### [ASSIGNED TASK]
Of the lines in the material below, print only those from the one containing "Appartement à CARRIERES-SOUS-POISSY" to the one containing "RIVERVIEW FL Home", ends included, exactly as written and without pictures.

**** PROVIDED ENTRIES

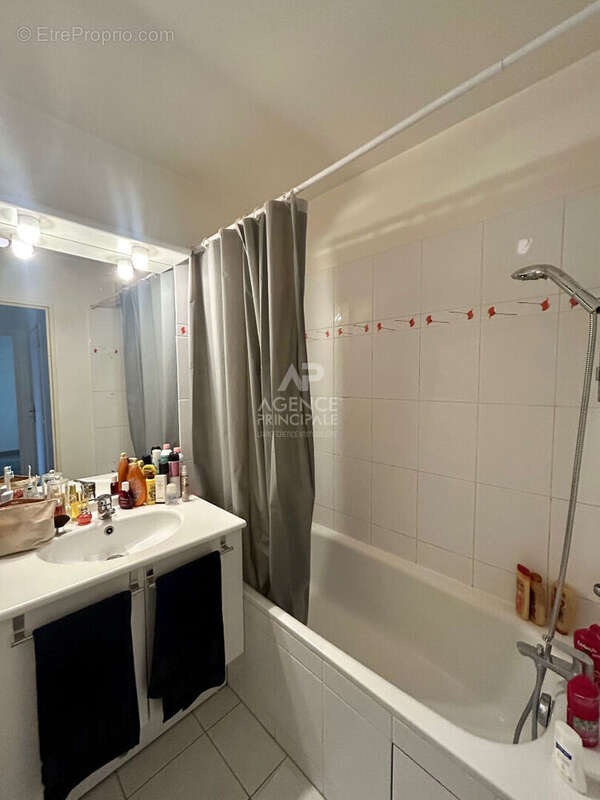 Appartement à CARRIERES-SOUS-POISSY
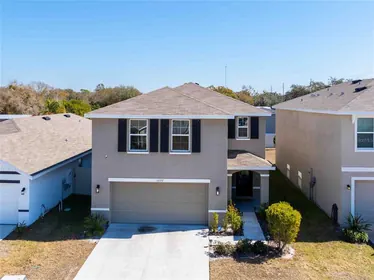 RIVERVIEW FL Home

********
**** PROVIDED ENTRIES

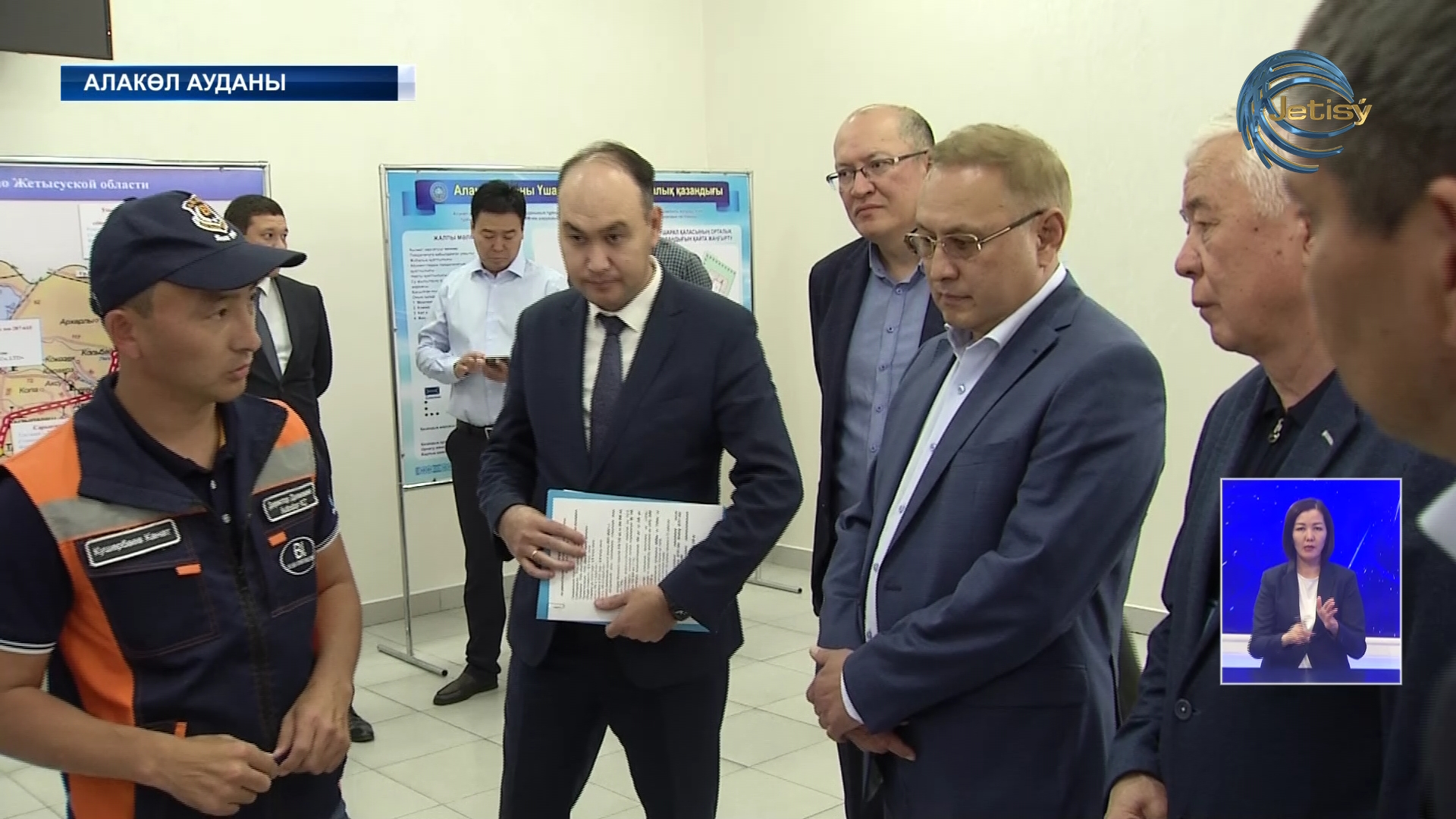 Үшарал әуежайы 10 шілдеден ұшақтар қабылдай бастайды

********
**** PROVIDED ENTRIES

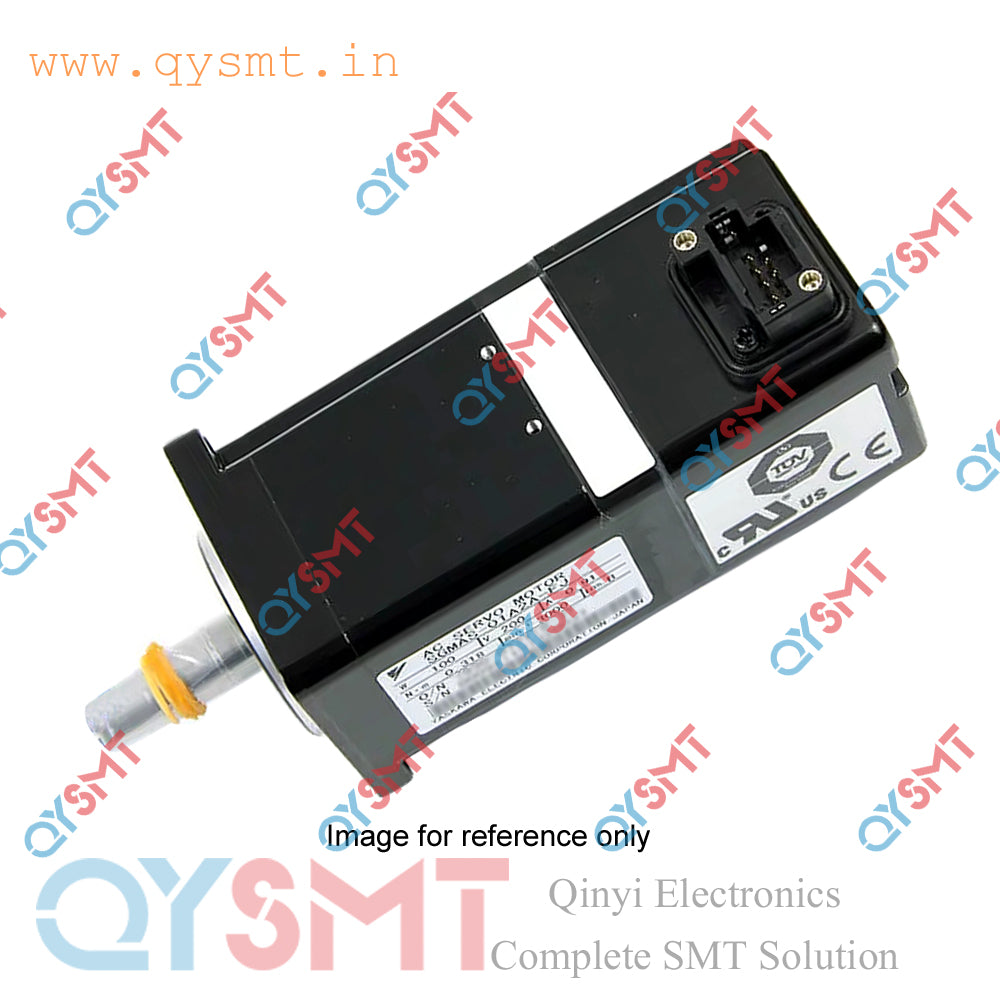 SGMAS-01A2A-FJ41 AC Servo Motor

********

### [SOLUTION TO THIS PROBLEM]
 Appartement à CARRIERES-SOUS-POISSY
 RIVERVIEW FL Home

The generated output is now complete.